**PROVIDED DATA**

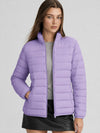 YUCOLEN Women's Lightweight Jacket Packable Water Resistant Quilted Coat with 4 Pockets in Purple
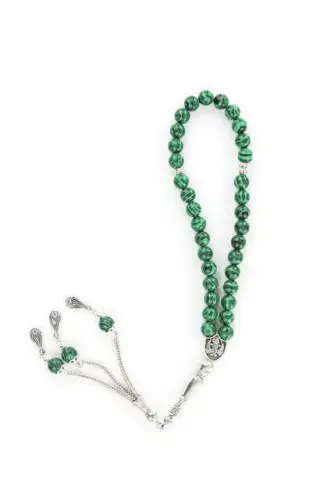 Malachite Ceyt Stone 33-Piece Rosary - İhvan (1)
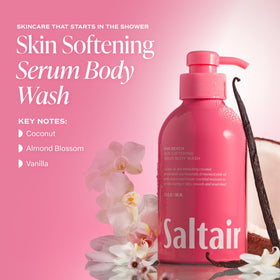 Saltair pump dispenser detail highlighting easy, controlled product dispensing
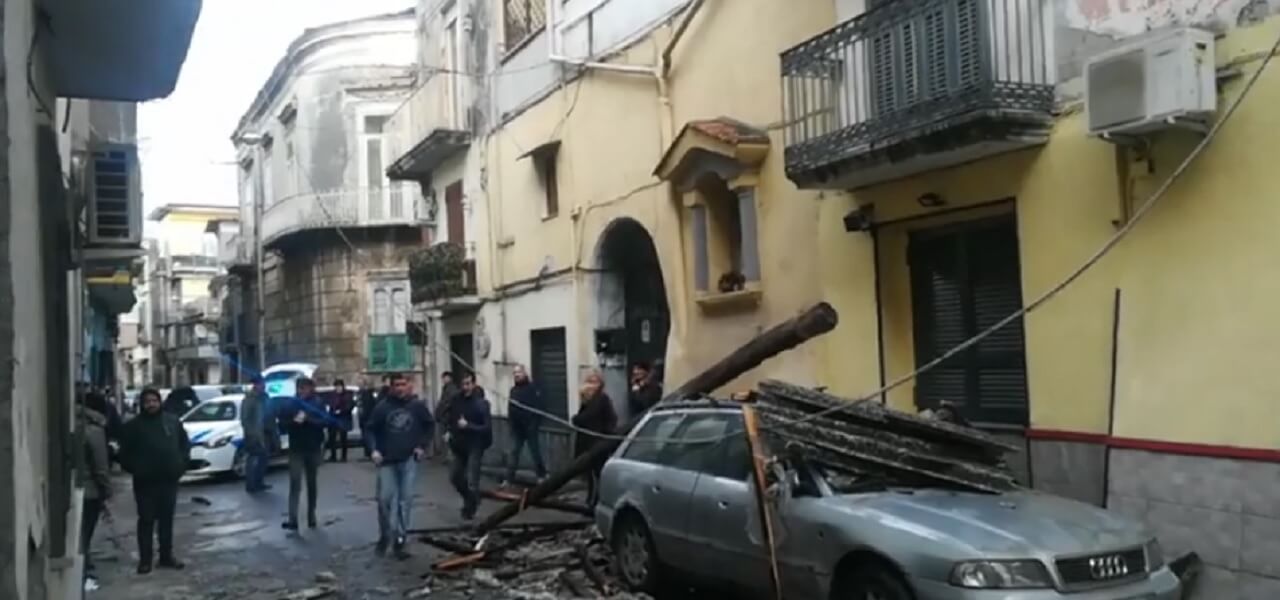 Tromba d'aria Napoli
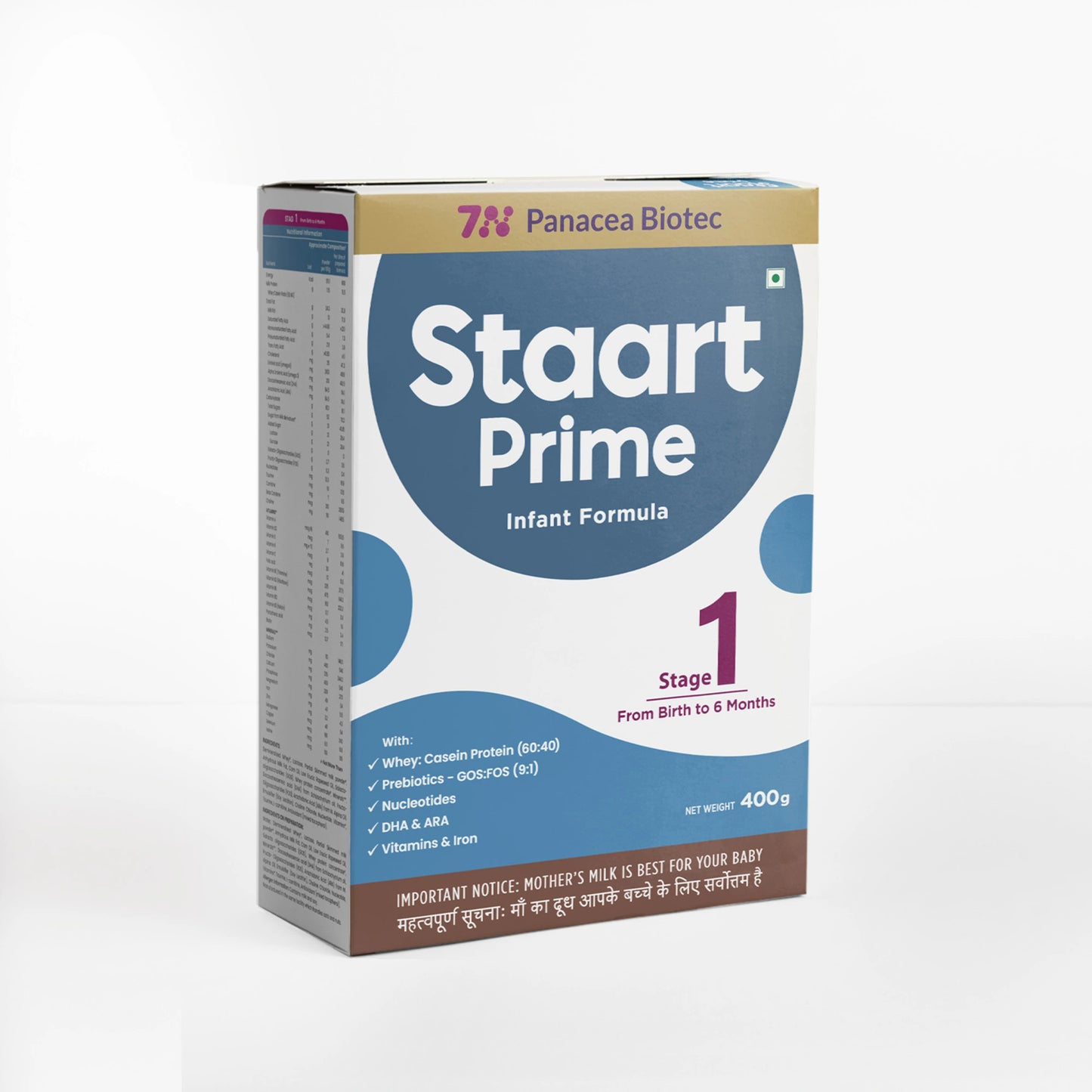 Staart Prime Stage 1 (0 to 6 months)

**WHAT YOU WILL DO**
Omitting the pictures, write out the material above exactly as it stands.

**REPLY**
 YUCOLEN Women's Lightweight Jacket Packable Water Resistant Quilted Coat with 4 Pockets in Purple
 Malachite Ceyt Stone 33-Piece Rosary - İhvan (1)
 Saltair pump dispenser detail highlighting easy, controlled product dispensing
 Tromba d'aria Napoli
 Staart Prime Stage 1 (0 to 6 months)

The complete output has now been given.